Samantha Reynolds: And they still feel that. I know my kids like being little. . They feel like they’re stretching almost past their inner age or something like their inner age feels littler than their height? I don’t know.

Jen: Well I feel that way. I don’t know about you, but like, I don’t. Inside, I’m still, I’m more the person I was at, like 12. I mean, I feel like that’s when I don’t know.

And so sometimes you look around, you’re like, “Oh my God. I’m the grown-up here now?” You know, “Yeah, I’m in charge?” But yeah, we are who we are. That’s amazing.

I had another question I wanted to ask you. And I hope you’ll be honest. Yeah. Of course, you’re so honest all the time…. You told me about the tampons! So Have you ever missed a day and had to write two poems the next day?

Samantha Reynolds: Yes, totally. 

Jen: Thank God because I was gonna be like, “I don’t know if I can live up to that!”

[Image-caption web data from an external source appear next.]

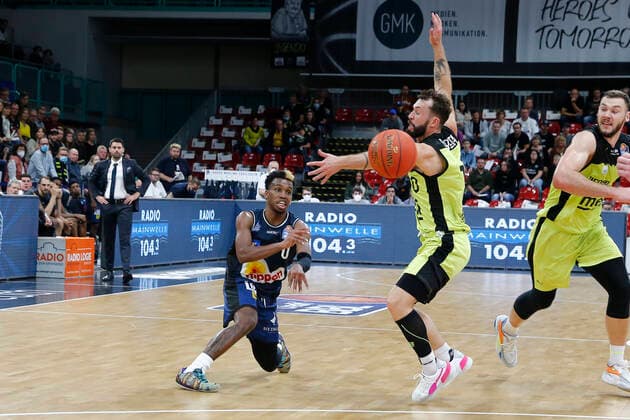 5 Matchday of the easyCredit BBL Basketball Bundesliga at Oberfrankenhalle in Bayreuth Season 2021 2022 Medi Bayreuth vs HAKRO Merlins Crailsheim Bastian Doreth Medi Bayreuth 10 right T J Shorts HAKRO Merlins Crailsheim 0 left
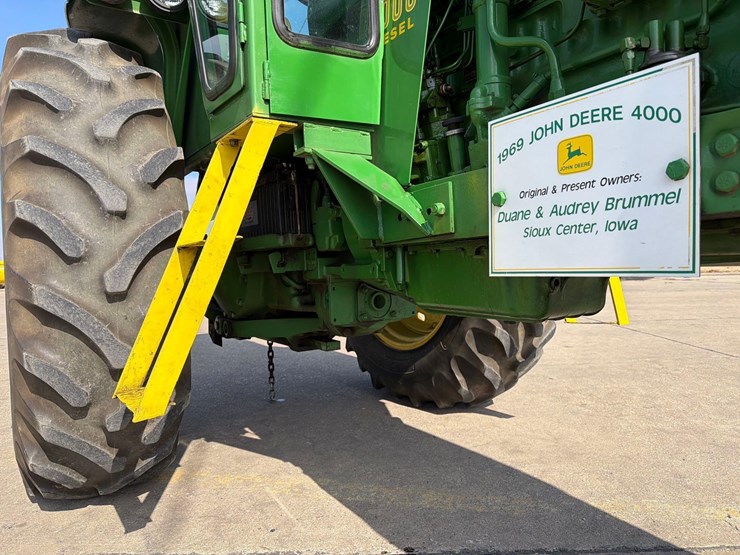1969-john-deere-4000-image-23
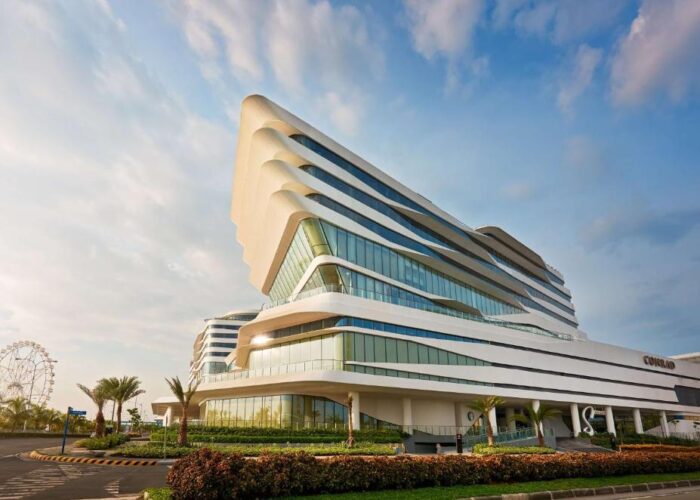 Conrad Manila (Конрад Манила)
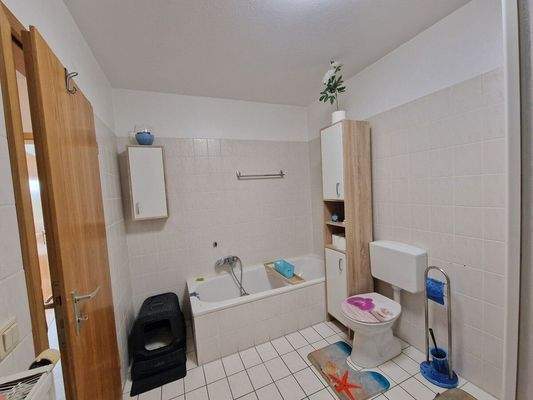 Badezimmer mit Wanne und Dusche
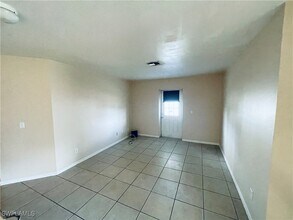 4566 Golfview Blvd in Lehigh Acres, FL - Building Photo - Building Photo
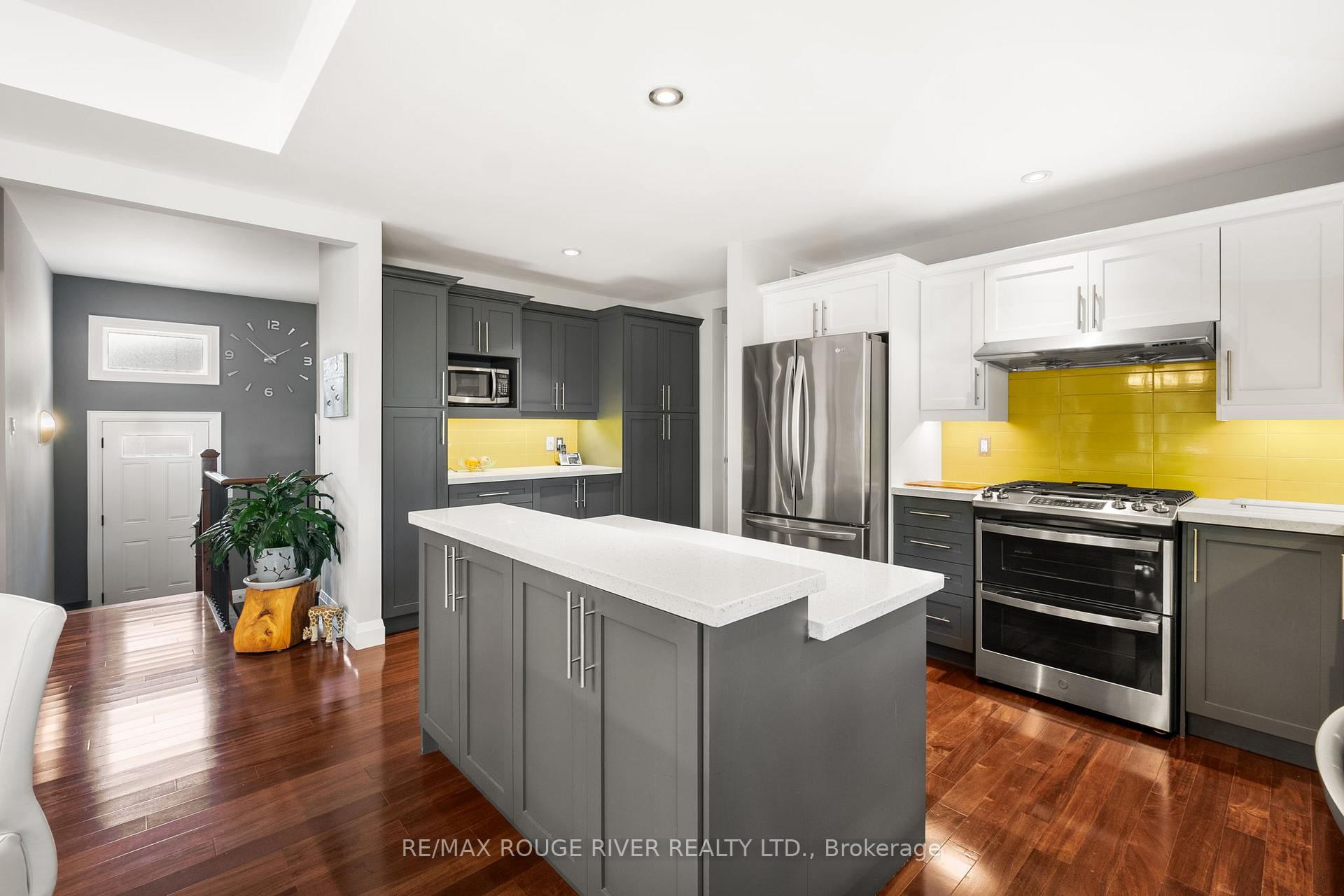 Photo 11 of 119 Durham Street, Cobourg — HOMEH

Samantha Reynolds: What I do- I’m a little Type A, And also, I feel like if I give myself permission to miss, then it’ll be like a slippery slope, and I’ll stop. So what I do is I write a scrap, like the scrappiest version, which truly might be, you know, like one sentence. So it’s the start of something. And it’s just yeah… Like I’ve fallen asleep before. Right? And gotten up and been like, “I don’t have it in me to re-alert myself.” But just a little scrap comes out and then it’s like, “Okay, I’ve done something.” Yeah, yeah.

Keeping your identity as a mother

Jen: It sounds like so many things. H=You know, if you can just do a little bit of it, at least you tried that day, if you’re trying to do something on a daily basis. I used to dance while growing up. And a few years ago, I started taking ballet again. And then during the pandemic, I started being like, “I’m going to do Zoom ballet every day.” And I have done some kind of ballet every day since then. But sometimes it’s literally like, you know, two minutes, hurry up, get on the floor and stretch. And then some days, it’s the whole class, but at least you’ve like, “Okay, I did something. I made forward movement.” And that applies to things like decluttering your house, all the other stuff we do every day, right? Just like a little movement.

Samantha Reynolds: Yeah. Yeah, yeah.

Jen: I think you’re a very interesting person. And I wish you lived next door. And I’m going to be reading this every day from now on, you guys. You can find Sam. Her Instagram name is Bent Lily, like the flower. And that’s also your website, I believe is it… bentlily.com You can go to bentlily.com to learn more about her.

There’s merch. There are shirts and things you can buy with these beautiful poems on them. And I would have read more but I don’t want people to be bored of me online. But I had a bunch that I loved.

So thank you for talking with me. You guys go check out BentLily.com. And be inspired that even if you’re exhausted, even if you’re fed up, you could do a little bit of something. A little bit of something for you today.

Samantha Reynolds: Yeah, and thanks for just being so funny. Jen. That laughing is. Yeah, it’s kind of everything. So often it’s everything and it’s a beautiful gift.

Jen: You are so welcome. Thank you, guys. And now of course I’m Jen from MomCave, momcavetv.com and @MomCave on all the places and I don’t write poems every day.